Thin Lizzy - Fighting (1975)


  

Released September 1975

Recorded at Olympic Studios, London

After the laid-back, late night rock of "Night Life", that at times had an almost funky edge, Thin Lizzy's next offering was far more seriously rocking with what would become a trademark two lead guitar attack of Scott Gorham and Brian Robertson to the fore, one fire on every track. From those early folky-influenced, Celtic-influenced albums to the slightly low-key predecessor, this was the album that saw Thin Lizzy become a proper hard rocking band, end of story.

They turn Bob Seger's "Rosalie" into their own iconic song, it just sounds so good, every time I hear it, while "For Those Who Love To Live" has that Springsteen-esque air of some of the subsequent "Jailbreak" album to it. "Suicide" is just classic Thin Lizzy rock, (it actually dates back to 1972), with excellent guitar all over it and Phil Lynott's menacing vocals on top form. Top quality rock, this. Just to show they hadn't quite left that wistful Celtic feel completely in the past, "Wild One" had some Irish-sounding refrains and guitar and another convincing vocal, strong but soulful. "Fighting My Way Back" continues the all-out rock attack, with a slightly wah-wah riff at the beginning and some impressive drum rock. The pace hasn't really let up at all, as yet.

"King's Vengeance" has a melodic tone to it, and some dual high-pitched guitar riffs, but it still rocks. As you listen to this, you think just what an underrated album it is. Personally I prefer it to the more commercially successful "Jailbreak". "Spirit Slips Away" finally sees the tempo slow down, giving us one of those classic Thin Lizzy tuneful but powerful, bassy rock ballads. Lynott's voice is yearning and seductive on here. "Silver Dollar" is a bit more laid-back too, although it has its big crashing guitar moments, despite its slightly less visceral passages in comparison to the first half of the album.

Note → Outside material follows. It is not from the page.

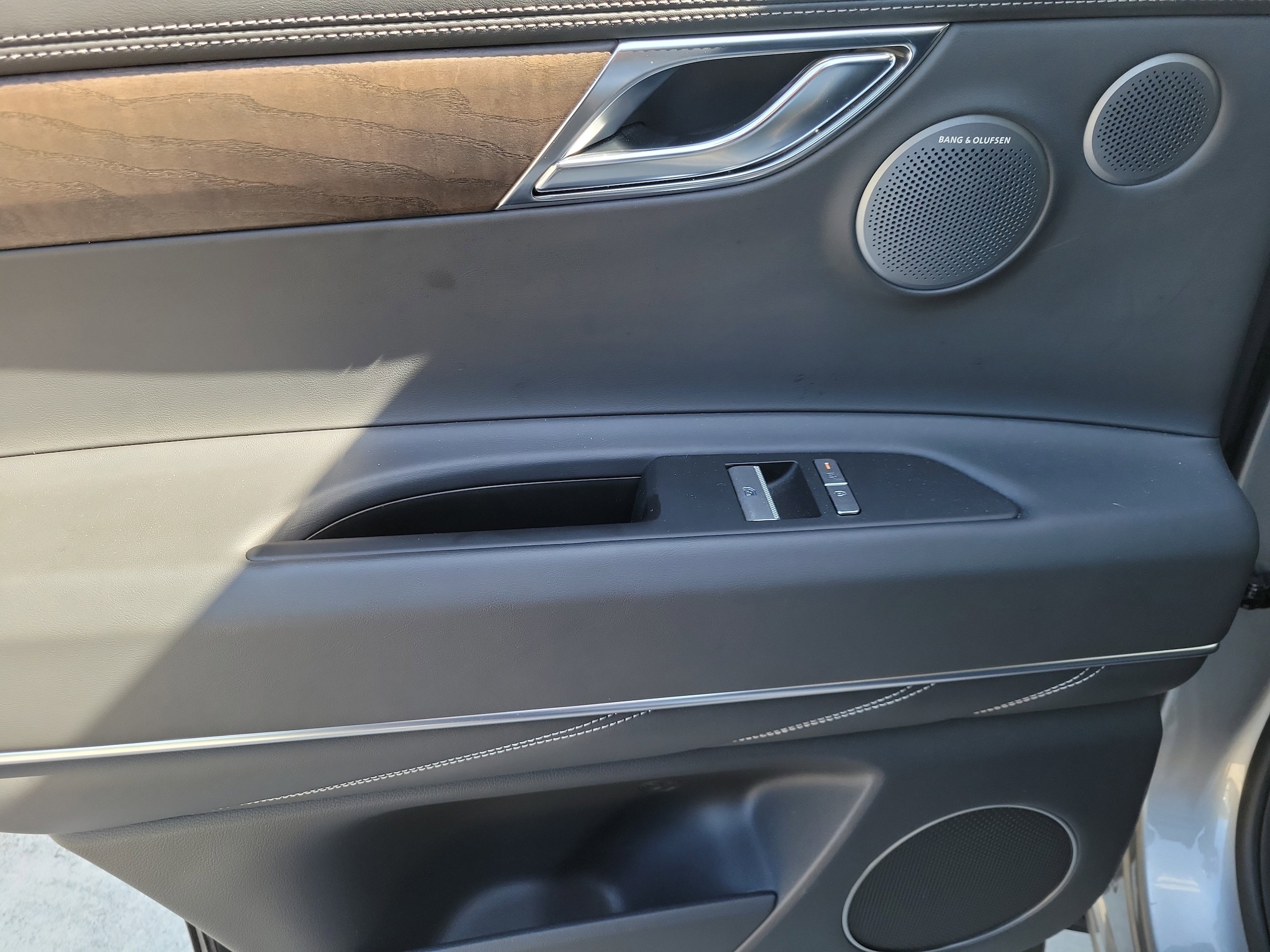 2025 GENESIS GV80 Prestige - Photo 18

"Freedom Song" has some of those classic Lizzy guitar runs that immediately identify it as a Thin Lizzy song. I forgot to say earlier that the remastered sound on the album is excellent too. It has only been a relatively short, ten track album (that's fine by me, actually). It ends with the rocking but slightly more ordinary "Ballad Of The Hard Man". It has some searing guitar interplay half way through, though. Overall, it has been an impressive album, and one that confirmed Thin Lizzy as the real thing.